For weeks, my prayer was desperate. “Please Lord, stop my hair from falling out.” But that was not His Will. Instead, not only was the hair on top of my head falling out, but also my eyebrows and eyelashes as well. It was clear I was going to need to define a new idea about myself. I remembered a prayer of surrender I was given and I started praying it. 

I had loved ones telling me I was beautiful on the inside. However, I had heard that line more times than I care to remember when I was growing up. I was a homely kid, braces and glasses didn’t help. So I came to think whenever someone said I was beautiful on the inside it meant that I wasn’t on the outside. 

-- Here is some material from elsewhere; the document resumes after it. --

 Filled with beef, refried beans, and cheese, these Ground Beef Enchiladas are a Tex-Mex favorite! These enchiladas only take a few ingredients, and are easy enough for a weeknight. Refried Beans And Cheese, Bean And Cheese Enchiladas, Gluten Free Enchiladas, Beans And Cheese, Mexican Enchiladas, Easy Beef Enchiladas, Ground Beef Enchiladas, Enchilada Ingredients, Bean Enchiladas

Those weren’t the words I was hoping to hear. One day, while cleaning the hair out of my drain, I began my prayer of surrender. Perhaps the Lord was trying to tell me to focus on my inside beauty.
Then God whispered to me something completely different than I ever expected. It was that His beauty was different than the world’s idea. Humans believe beauty to mean something physical and sometimes emotional. Lambasted by the media, we are never quite happy with ourselves.

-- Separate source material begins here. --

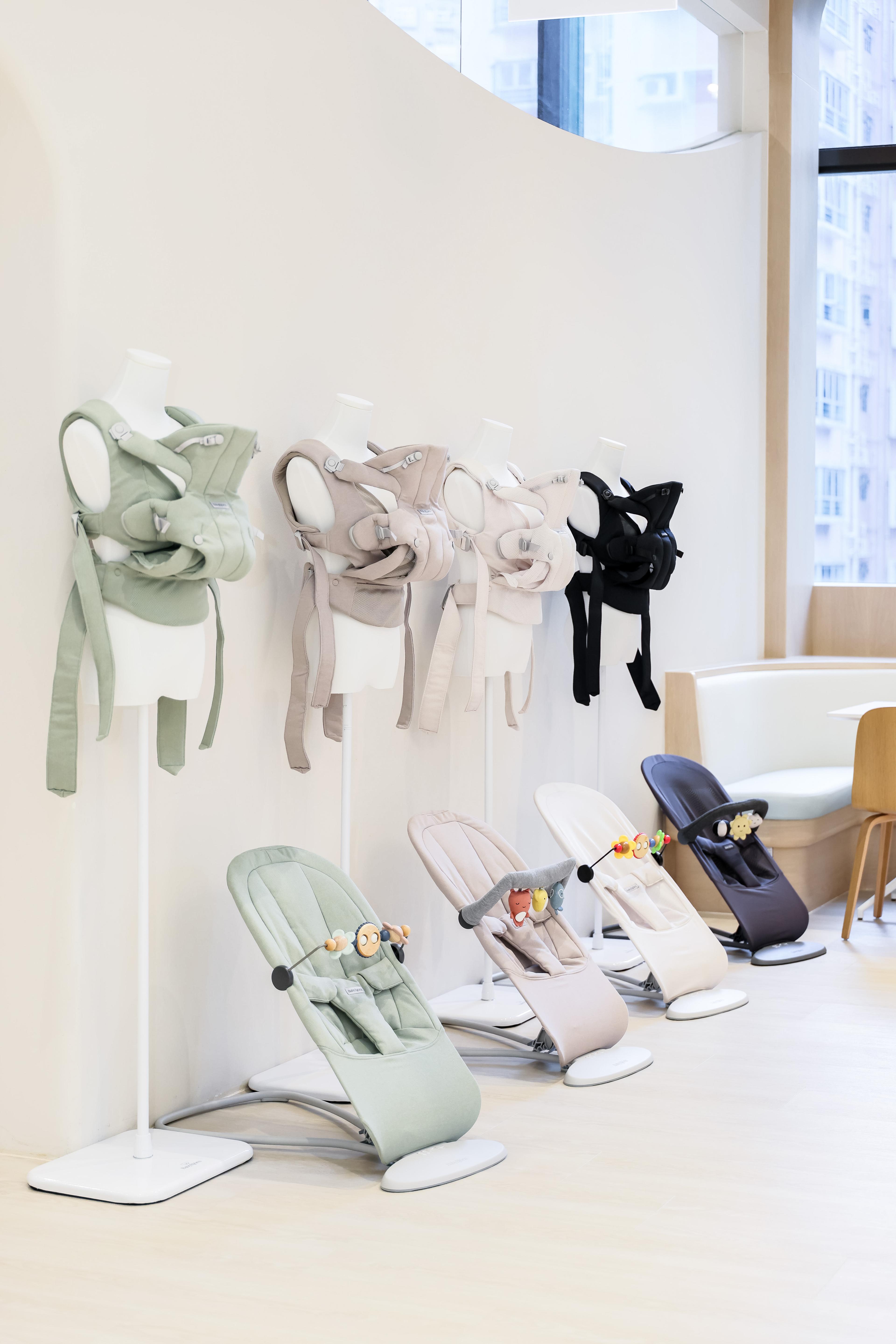 Display of pastel-toned baby carriers on mannequins and baby bouncers with toys in a modern showroom.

But it took a second grader to remind me of something else. She told me she was praying for me. But then she told me, “God doesn’t make junk.” While I’ve never thought of myself as junk, I have always had that nagging thought that I’m not enough. People have verbalized that I’m not good enough throughout my life. And all this time I’ve believed it. 

To add to my journey, I ran into a sign. Literally. I was looking back, not looking forward and I hit a wall with a sign on it. My dad always told me, “Never look back, you can’t go back there anyway.” (God’s sense of humor gets me every time.) And what was on the sign? 

"God’s idea of beauty is not ours."

It took a wall to remind me of something I’d forgotten. God makes us for Him…not to be a runway model or to be desirable for each other. We wander through life believing the lies of what outer beauty can do for us, all the while forgetting that no matter what our looks are, we are all headed on the same journey, being with God after this life.

Looking in the mirror is still painful, I can no longer hide behind the long brown locks I once sported. The prayer of surrender is all that I have. But I am confident. While I’m still coming to grips with the whole surrender concept, it’s the first time since this hair saga began that I have peace. The prayer of surrender is working. What does it all mean? No clue…but I’m guessing I’m about to find out.